The survey comes hot on the heels of new government plans to enter into an official negotiation with the tourism industry nationally for a ‘Tourism Sector Deal’, aimed at increasing productivity.  Cumbria Tourism has been lobbying for an official deal for some time and last week hosted VisitBritain colleagues to explore how this could work for Cumbria. The results of the Business Performance Survey will now also enable Cumbria Tourism – along with its partners – to keep the county at the forefront of high-profile discussions as details of the Tourism Sector Deal’ are finalised in 2019.

Gill Haigh, Managing Director of Cumbria Tourism says, “This latest research demonstrates that 2018 has been a challenging year for the tourism industry. The significant rail disruption combined with the extreme weather – including the so-called ‘Beast from the East’ followed by the exceedingly hot weather in May and June – have taken their toll, and there is certainly evidence of visitors tightening their spending. At the same time, there have been increased costs for businesses.

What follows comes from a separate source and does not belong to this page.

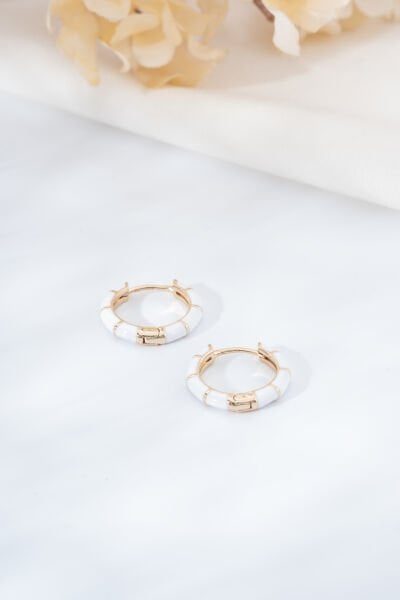 Beyaz ve Altın Detaylı Halka Küpe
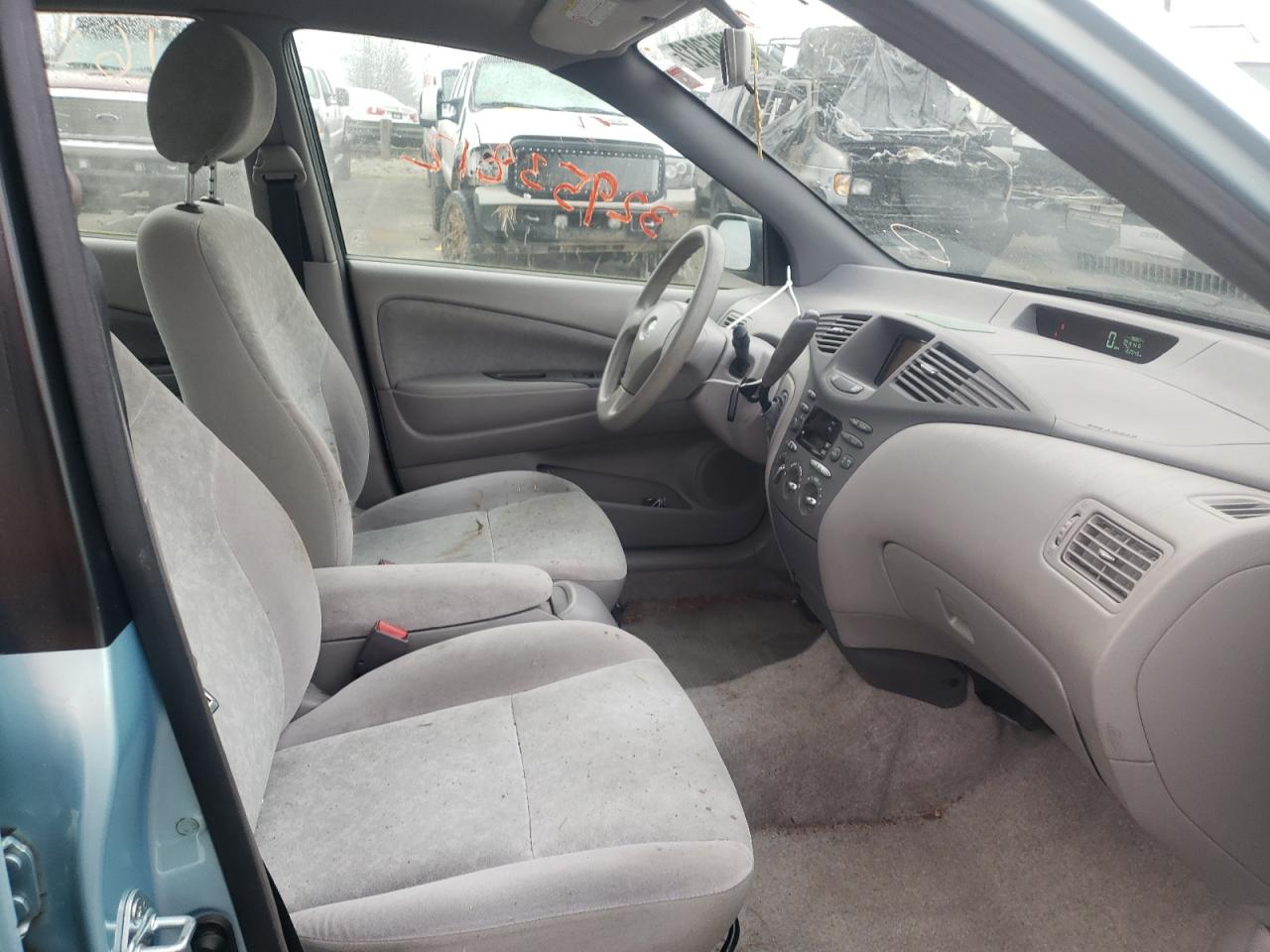 Photo 5 from auction – 2001 TOYOTA PRIUS with VIN JT2BK12U710030261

 “The survey results also illustrate the significance of staffing and recruitment challenges and increasing concerns regarding the impact of Brexit. This is not completely unexpected, but shows that the visitor economy needs continued support to keep growing in value. The survey results give us the evidence base we need as an organisation to keep up the pressure on funding, support and future strategy at the highest levels and to focus our resources on the issues that matter most.”

Chief Executive of Lamont Pridmore, Graham Lamont, says, “This research is invaluable to ensure Cumbria Tourism can take an evidenced based approach to effecting change for the tourism industry at a national level, as well as developing their own activities to continue the growth of the visitor economy. Understandably, Brexit is causing concern and uncertainty among businesses but they too can use these research findings to inform their own decision making and future plans.  Lamont Pridmore is delighted to support the Business Performance Survey.”

Our comprehensive research function is one of our key activities which setss us apart as a Destination Management Organisation. As well as the Business Performance Survey, other regular analysis carried out by our research team includes monthly occupancy surveys, county-wide visitor surveys, regular analysis of accommodation stock and data collection from visitor attractions.